Women Deliver 2010: Lot more needs to be done to save women’s lives

By • on June 6, 2010

To listen to the audio podcast of exclusive interview with Women Deliver 2010 co-chair Dr Sai, click here
“At the global level we don’t only have the issue of deaths of women and child, pregnancy and child-birth related situations, but it is the discrepancy between these deaths in the northern and more industrialized countries and in the developing countries. In fact, today as we speak we know that practically no woman dies in child birth in Europe or North America. But they do die in South Asia, Africa and Latin America” said Dr Frederick Torgbor Sai, an internationally recognized gender and reproductive health advocate from Ghana, who is the co-chair of “Women Deliver 2010” in Washington DC, USA (7-9 June). Read more

Too many women and newborns are dying worldwide during pregnancy and childbirth. Every year, between 350,000 – 500,000 girls and women die from pregnancy-related causes. Almost all of these deaths (99%) occur in the developing world. Four million newborn babies die every year, also from causes that are mainly preventable and typically linked to the mother’s health.

“The causes of maternal death are not very different. The technologies and the approaches to do something about these deaths have been known for a very long time.
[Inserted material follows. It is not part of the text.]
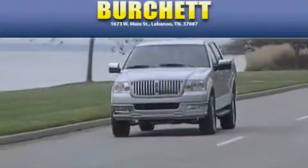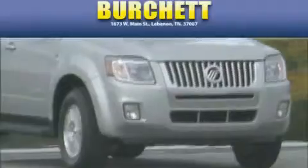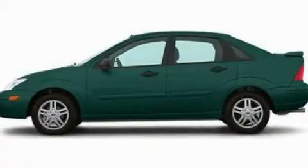Another fine vehicle offered by Burchett Ford Lincoln Mercury. This is a 2000 Ford Focus.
So why is it that we continue to see them so very frequently in developing countries particularly in Asia and Africa. Recently we have seen that these deaths are coming down in Latin America and in many other parts of the world. Africa in particular doesn’t show that it is coming down too much” said Dr Sai in an exclusive interview to CNS.

Dr Sai was the moderator for the 1987 Safe Motherhood Conference which launched the Safe Motherhood Initiative and chairman for the Main Committees of the International Conference on Population in Mexico in 1984 and of the International Conference on Population and Development (ICPD), in Cairo in 1994. It was this last conference which produced the Programme of Action, emphasizing the centrality of women to all development programmes and called for world attention to the improvement in the status of women and for equity and equality between the sexes as the basis of all human relationships.